### The input:
>>>>>

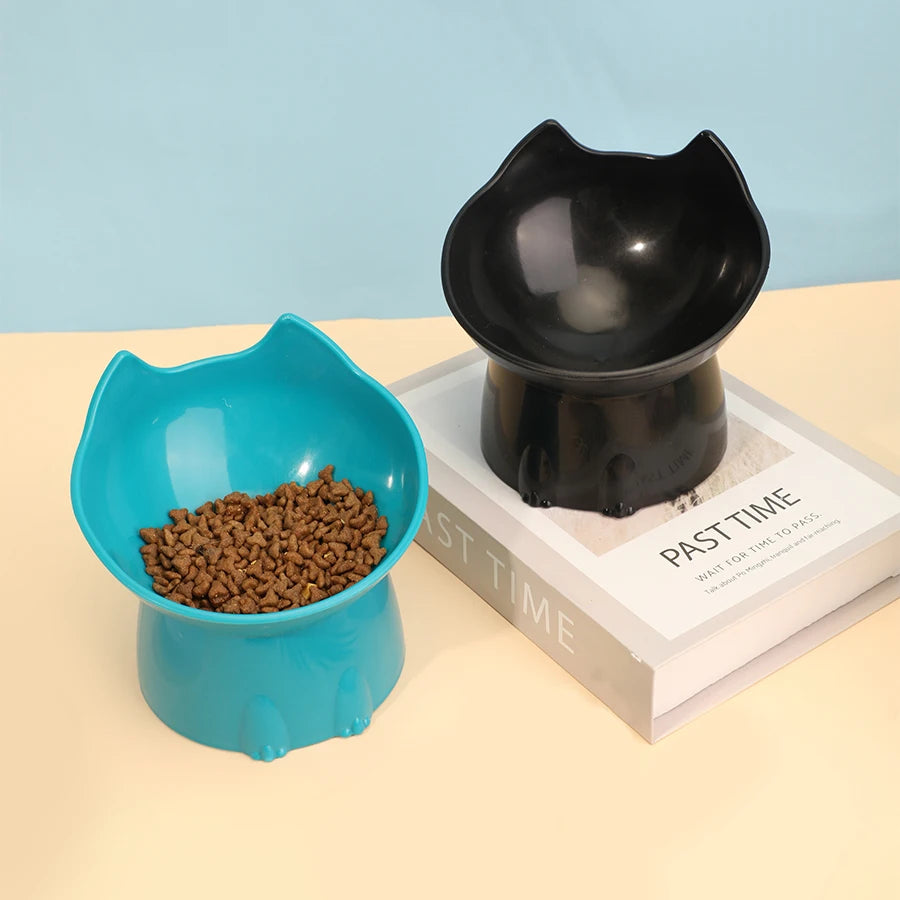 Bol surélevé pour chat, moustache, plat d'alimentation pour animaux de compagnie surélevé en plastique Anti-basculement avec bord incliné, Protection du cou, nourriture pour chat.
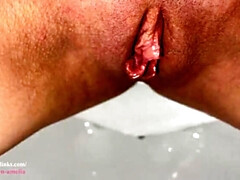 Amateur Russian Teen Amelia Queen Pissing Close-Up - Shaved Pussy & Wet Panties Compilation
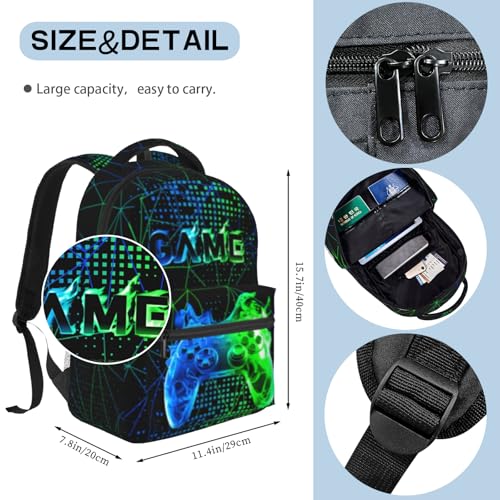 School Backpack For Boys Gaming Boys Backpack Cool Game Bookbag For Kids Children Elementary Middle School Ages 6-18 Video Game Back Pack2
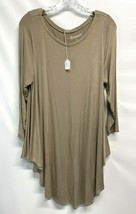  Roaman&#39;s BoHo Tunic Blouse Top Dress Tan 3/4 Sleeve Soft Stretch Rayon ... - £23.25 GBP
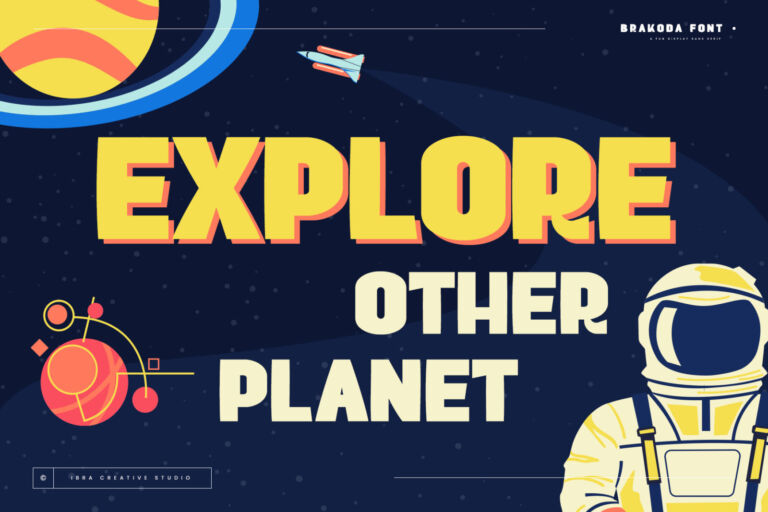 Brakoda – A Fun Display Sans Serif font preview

<<<<<
>>>>>

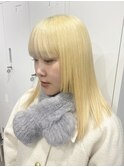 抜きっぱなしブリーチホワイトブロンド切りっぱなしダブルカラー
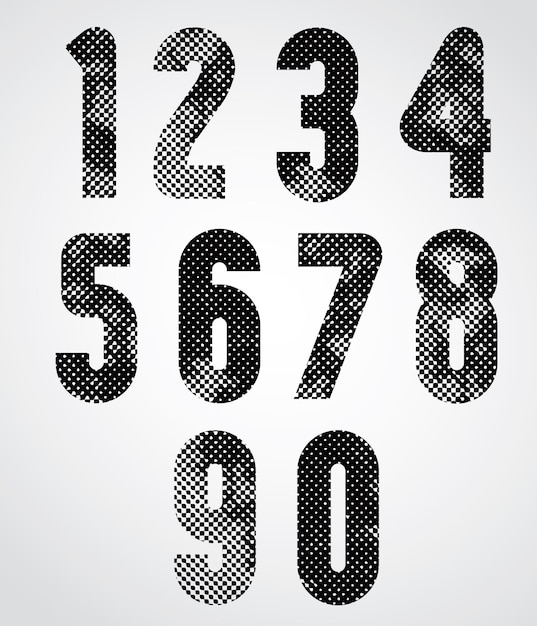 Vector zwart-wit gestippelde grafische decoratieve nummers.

<<<<<
>>>>>

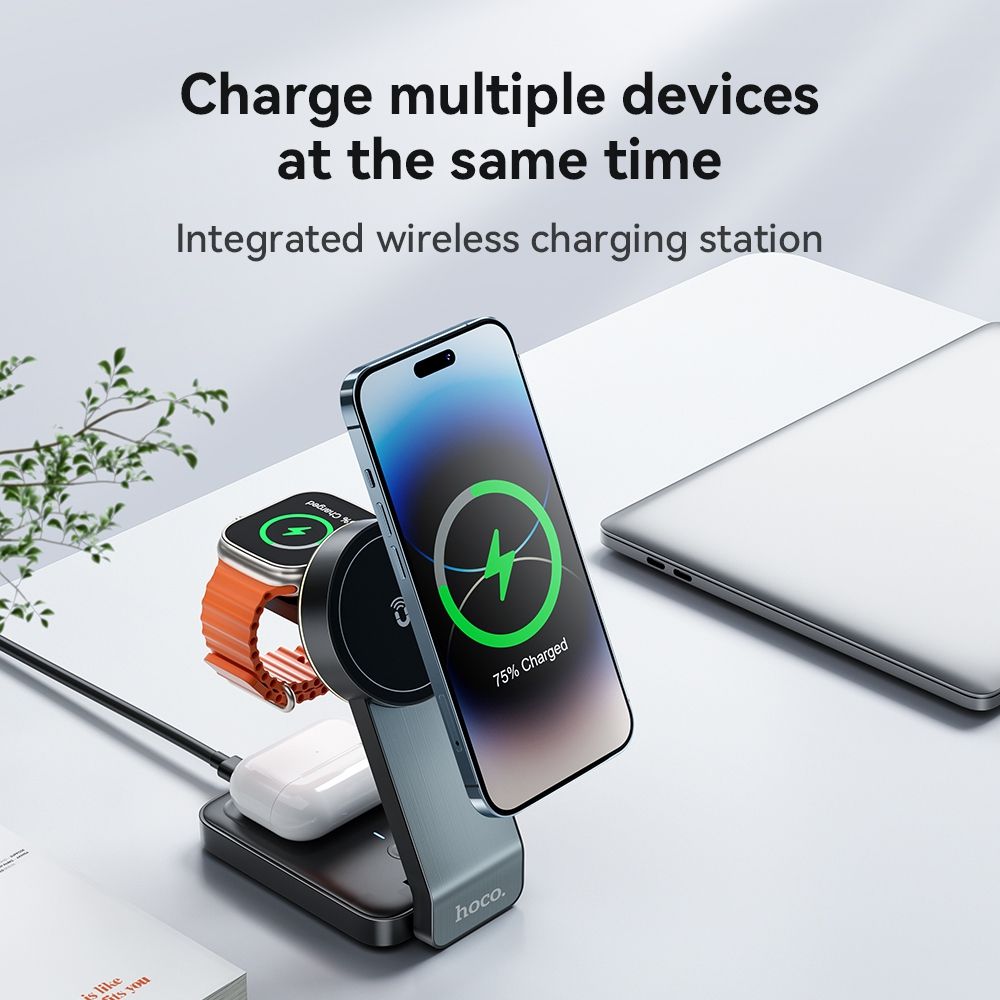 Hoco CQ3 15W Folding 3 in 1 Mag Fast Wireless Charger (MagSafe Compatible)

<<<<<

### Assigned task:
Would you copy, word for word, only the lines above from the one containing "Bol surélevé pour" through the one containing "Brakoda – A", both included, and please leave out the pictures?

### Reply:
 Bol surélevé pour chat, moustache, plat d'alimentation pour animaux de compagnie surélevé en plastique Anti-basculement avec bord incliné, Protection du cou, nourriture pour chat.
 Amateur Russian Teen Amelia Queen Pissing Close-Up - Shaved Pussy & Wet Panties Compilation
 School Backpack For Boys Gaming Boys Backpack Cool Game Bookbag For Kids Children Elementary Middle School Ages 6-18 Video Game Back Pack2
  Roaman&#39;s BoHo Tunic Blouse Top Dress Tan 3/4 Sleeve Soft Stretch Rayon ... - £23.25 GBP
 Brakoda – A Fun Display Sans Serif font preview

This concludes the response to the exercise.